When we first launched Independent Processor magazine (then called Independent Provisioner) several years ago, we wanted to get the magazine started off right. That meant putting a company on the cover that truly exemplified what our magazine was about.
Allen Brothers seemed a logical choice. It was a family-owned business, and it fit within our definition of a mid-sized meat processor. Most importantly, it was an innovative company that had developed a strong niche in the high-end steak market and had made several great strides in making its brand name synonymous with quality.
I will always be grateful to Bobby and Todd Hatoff for helping us get IP off the ground. I’ve kept up with everything that Allen Brothers has been doing since that magazine article five years ago, and Bobby was a fixture at many of the industry events I attended. Every time I met him, he’d greet me with a warm handshake, ask how things were going, and compliment me on whatever it was that I’d written lately.

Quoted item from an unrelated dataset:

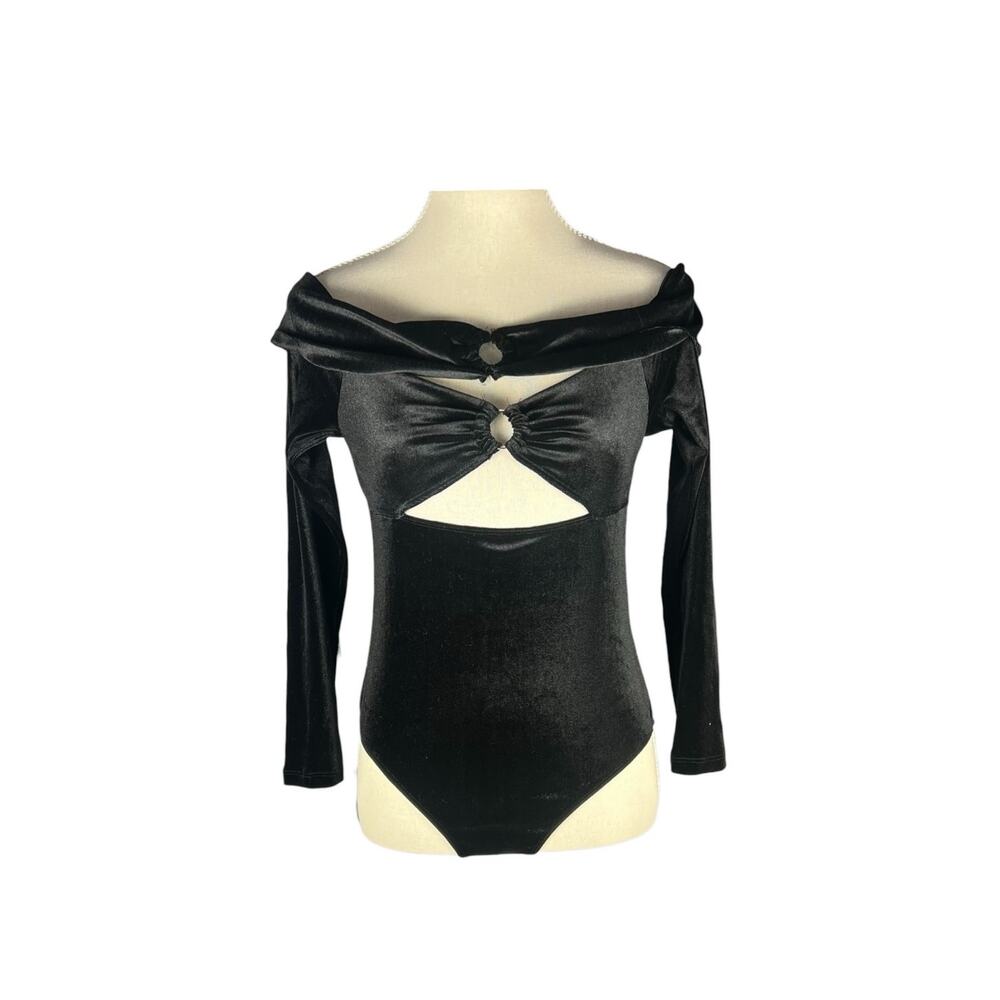 Glamorous Black Velvet Off Shoulder Cutout Bodysuit S Dark Glam Night Luxe Top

Bobby’s death this weekend was a tremendous loss for the industry, and a personal blow as well. It’s hard to imagine future conferences without his calm demeanor. He was in his element there, as an industry leader dedicated to improving the business of not just his own meat company, but every meat company. Bobby was a very soft-spoken man — to the point that you’d have to lean in to hear him. But when Bobby spoke, the rest of the room immediately quieted down to listen to what he had to say. He gave out his wisdom freely and without hesitation, and it would be almost impossible to count the number of people and companies who benefited from it.
Bobby made the industry better with his generosity. He was always there for any fellow processor to answer a question, to offer advice for a problem or to provide the name of a potential business partner. In one of his last acts for the industry, he helped spearhead the merger of NAMP and NMA into the North American Meat Association, which will bring numerous long-term benefits to its members.
Later this month, Bobby is to be one of the inductees of the Meat Industry Hall of Fame. It will be a celebration of his life and everything he meant to the meat industry.
I just wish — as I’m sure many of you do as well — that he could have attended the induction ceremony; it would have been gratifying to see this humble man be honored in front of his friends and colleagues.